Submitted to: Contest #299

The Asphalt Buccaneers

Written in response to: "Center your story around a comedian, clown, street performer, or magician."

Fiction Funny Inspirational

Ahoy, ye landlubbers! Gather ‘round your glowing screens and lend yer ears to the tale of Captain “Spectacular Steve” Sullivan and his motley crew aboard The Rusty Hatchback. ‘Twas a day so hot the asphalt be bubbling like the Devil’s own jacuzzi when our story unfurled its metaphorical sails...

In the urban seas of downtown sailed a peculiar vessel—a 1997 Dodge Caravan with more rust than paint, a peeling magnetic sign reading “THE ASPHALT BUCCANEERS: ENTERTAINMENT OR YOUR DOUBLOONS BACK,” and festooned with a rubber chicken wearing a tiny pirate hat as a hood ornament. This weathered craft carried the most fearsome crew of street entertainers this side of the Municipal Parking Enforcement Division.

At the helm stood Captain “Spectacular Steve” Sullivan, a magician whose sleight of hand was matched only by his delusions of pirate grandeur. With his discount store tricorn hat and deck of cards, the Captain navigated the treacherous waters of city ordinances with equal parts bravado and desperate improvisation.

“Swab the anchors and raise the poop deck, ye scurvy dogs!” Captain Steve bellowed as he parked illegally in a loading zone. “We’ve prime plunderin’ to do before the dreaded meter maids make their rounds!”

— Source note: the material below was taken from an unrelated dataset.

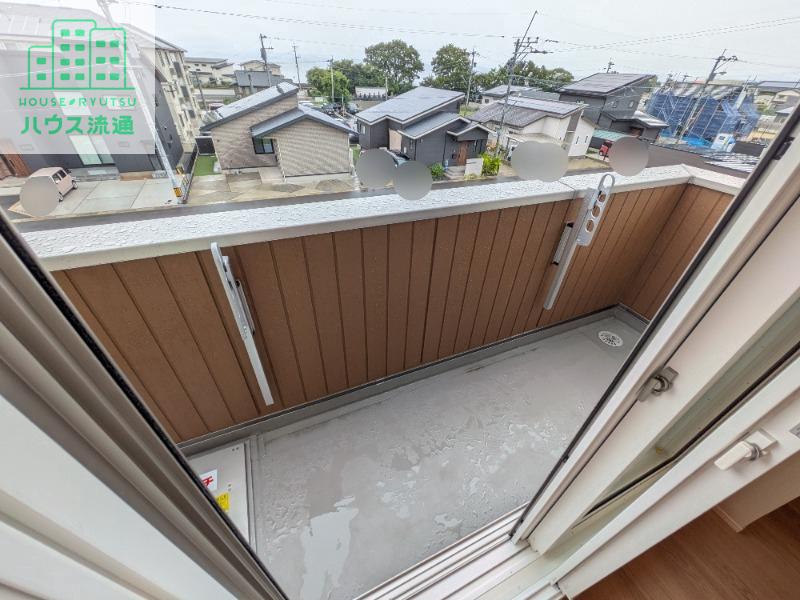 ロイヤルタウン富の原Iの内装写真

His loyal First Mate, Penelope, rolled her heavily made-up eyes. With a theater degree and six figures of student loan debt, the mime found herself second-in-command of this dubious enterprise.

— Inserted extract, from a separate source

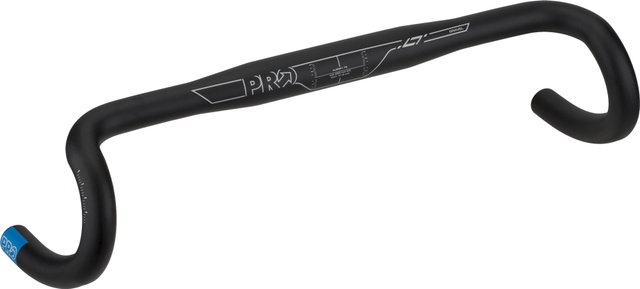 PRO Manillar LT Gravel 31.8 - negro/420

“Captain,” she said wearily, “for the hundredth time, you can’t raise a poop deck—it’s a fixed part of the ship. And one doesn’t ‘swab’ anchors.”

“Belay that educated talk, First Mate!” the Captain retorted. “No audience ever paid gold doubloons to see proper seafaring protocol!”

From the sliding door emerged Guiomar “The Navigator” Segura, a juggler whose capacity for keeping objects airborne was surpassed only by his superstitious nature. Clutching his smartphone like a sacred sextant, he consulted three different weather apps and his horoscope.

“The digital stars be ominous today, Captain,” he muttered nervously. “Mercury’s in retrograde, and Yelp predicts a seventeen percent decrease in downtown foot traffic.”

“Nonsense!” Captain Steve declared. “Fortune favors the bold!”

The final crew member stumbled from the back of the van, nearly tripping over an untied shoelace. Jamie “Cabin Boy” Pembroke had joined the crew just two weeks prior, answering a Craigslist ad promising “ADVENTURE, FORTUNE, AND FLEXIBLE HOURS (no benefits).” With no discernible talents and crushing anxiety, Jamie had been assigned the crucial roles of equipment carrier, hat-passer, and occasional distraction during technical difficulties.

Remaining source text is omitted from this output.